Sedan cita –hoy continúa la actividad–, La Tolosana, Artemi, Fotografía Davia, Gueros, Hila La Libélula, Secrets, y las librerías Alfaro y Marial.

En el mercado se posibilitan diferentes opciones de compra, pero no sólo eso, para los más pequeños se han organizado talleres de elaboración de tarjetas de Navidad, tanto por la mañana como por la tarde, cada media hora en grupos de diez niños a partir de los 3 años, y todos los que acudan tiene la posibilidad de colocar su tarjeta en alguno de los dos árboles de los deseos. Y quienes compren algún artículo pueden participar en el sorteo de la cesta navideña, tanto ayer como hoy a las ocho y media de la tarde.

Buena acogida

No cabe duda de que llegar a la séptima edición es un indicador de que la cita tiene buena acogida entre los mirandeses. «Está muy bien, es una bonita manera de empezar a pensar ya en las fiestas de Navidad», decían algunos. Y otros como Alicia no podía evitar hacer referencia a la climatología y la ambientación. «Está todo muy bonito, es una buena idea y, con la música ambiente y la nieve que ha caído, tiene un toque mucho más navideño. Hay muchas cosas artesanas y este mercado es un buen lugar para comprar alguna cosilla».

Desde detrás de los mostradores Marial Garro hacía hincapié en que el clima «no va a perjudicar, la nieve es incluso un atractivo. Si lloviera sería otra cosa, pero con este tiempo todos tenemos la sensación de estar muy cerca de la Navidad, y eso está muy bien para una cita como ésta».

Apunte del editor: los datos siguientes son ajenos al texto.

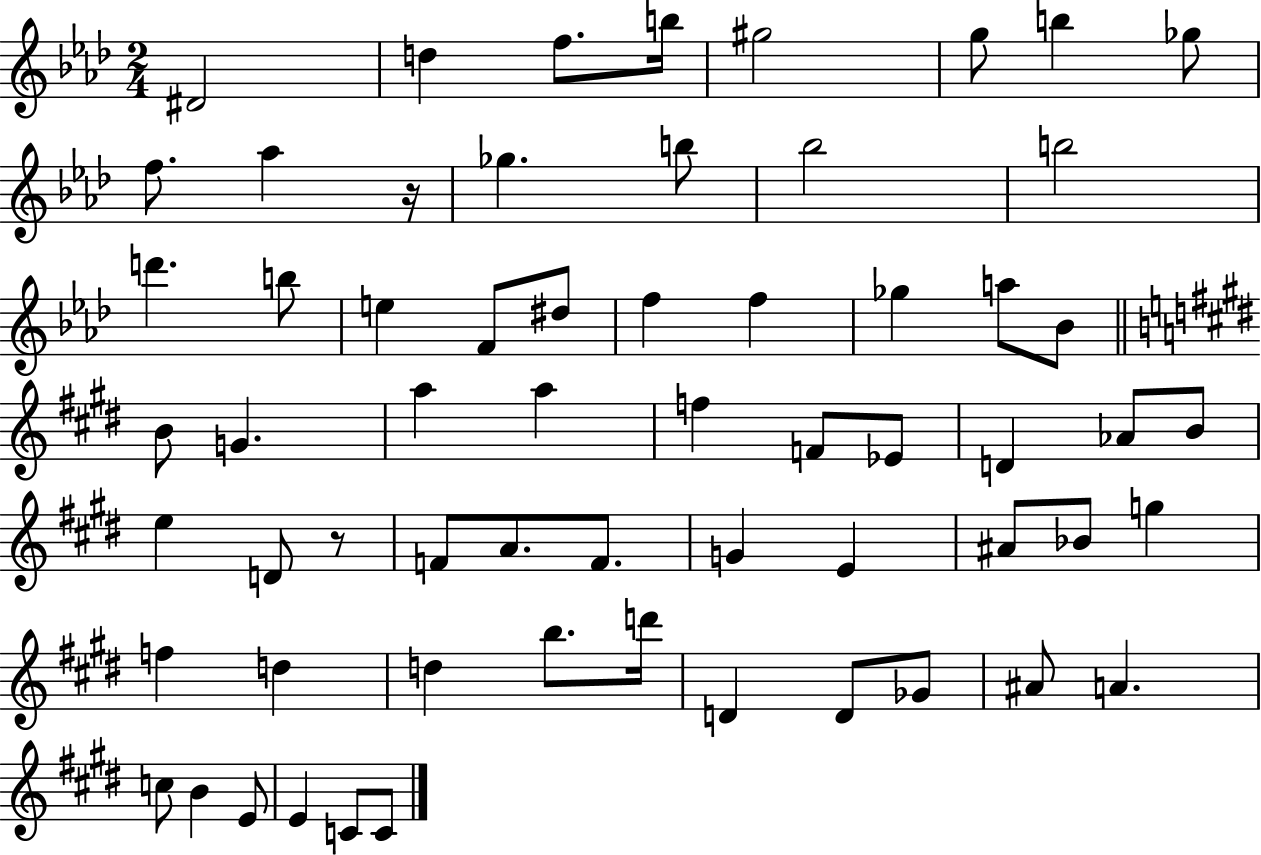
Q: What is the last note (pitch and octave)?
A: C4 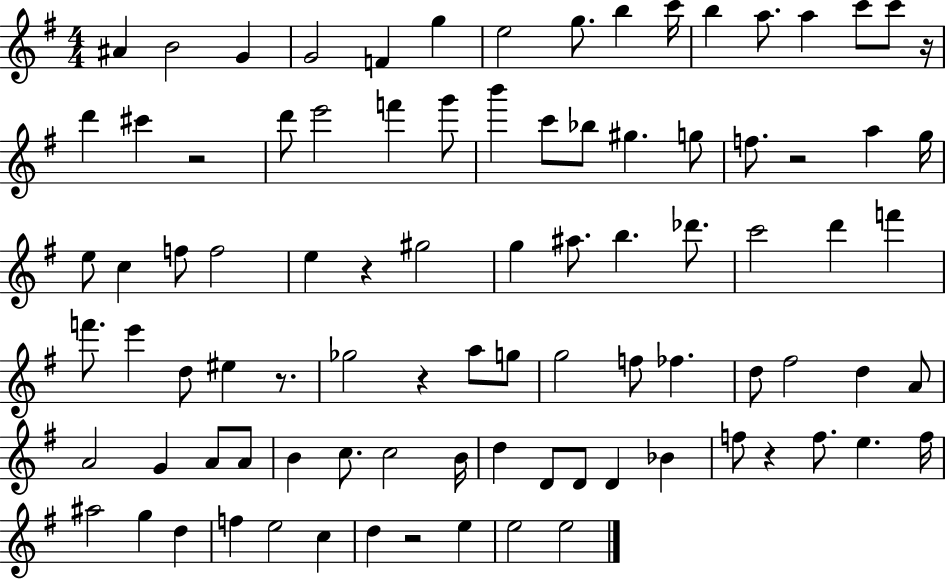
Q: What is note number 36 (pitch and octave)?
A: G5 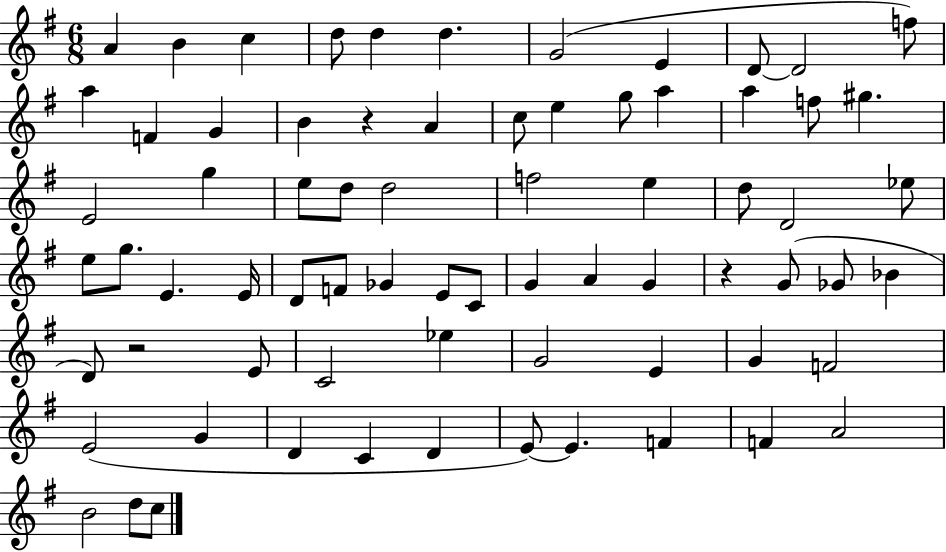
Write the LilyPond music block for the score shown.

{
  \clef treble
  \numericTimeSignature
  \time 6/8
  \key g \major
  a'4 b'4 c''4 | d''8 d''4 d''4. | g'2( e'4 | d'8~~ d'2 f''8) | \break a''4 f'4 g'4 | b'4 r4 a'4 | c''8 e''4 g''8 a''4 | a''4 f''8 gis''4. | \break e'2 g''4 | e''8 d''8 d''2 | f''2 e''4 | d''8 d'2 ees''8 | \break e''8 g''8. e'4. e'16 | d'8 f'8 ges'4 e'8 c'8 | g'4 a'4 g'4 | r4 g'8( ges'8 bes'4 | \break d'8) r2 e'8 | c'2 ees''4 | g'2 e'4 | g'4 f'2 | \break e'2( g'4 | d'4 c'4 d'4 | e'8~~) e'4. f'4 | f'4 a'2 | \break b'2 d''8 c''8 | \bar "|."
}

De una opinión muy similar era Mila Doncel, de Gueros. «Es el primer año que ha nevado en este mercado y aunque sea algo engorroso, queda muy bonito y el ambiente es más atractivo para todos». Ponía en ello el acento y también en que celebrar actividades como la que se desarrollará hasta esta tarde en la calle la Estación son muy importantes para «que se haga visible el comercio que tenemos en Miranda, que se perciba que tenemos muchas cosas y que se puede comprar aquí».

Para hacerlo tendrán tiempo los mirandeses a lo largo de todo el día de hoy. A las once de la mañana se abrirán las persianas de los puestos y, tras el descanso al mediodía, la actividad en el merado se mantendrá hasta las nueve de la noche. Los mirandeses empieza ya a mirar de frente a las próximas fiestas de Navidad.

SOS de la Asociación Belenista Mirandesa para lograr un local

El Mercado Navideño es siempre una fecha señalada para la Asociación Belenista Mirandesa que acude a esta cita «para abrir esta época tan especial e importante para nosotros de la Navidad», recuerda su presidenta, María Ángeles Puras.

La jornada hizo que sus socios estuvieran animados ofreciendo sus trabajos para que «grandes y pequeños completen sus belenes en casa. Es muy agradable ver la sonrisa de todos y el cariño con el que preparan las fiestas».

En sus caras se veía ilusión pero no pudieron menos que colocar algunos carteles anunciando su posible desaparición. «El local en el que estábamos lo han vendido y estamos, como quien dice, en la calle. Hemos pedido ayuda al Ayuntamiento y, si no, tendremos que desaparecer porque no tenemos donde hacer los trabajos».

La situación se les ha venido encima casi de sopetón y buscan un apoyo para que puedan proseguir. De hecho apunta la presidenta que si tuvieran un local adecuado podrían incluso «tener una exposición abierta al público». Confían en «salir de ésta», y mientras tanto preparan su exposición para la asa de Cultura; ánimo no les falta.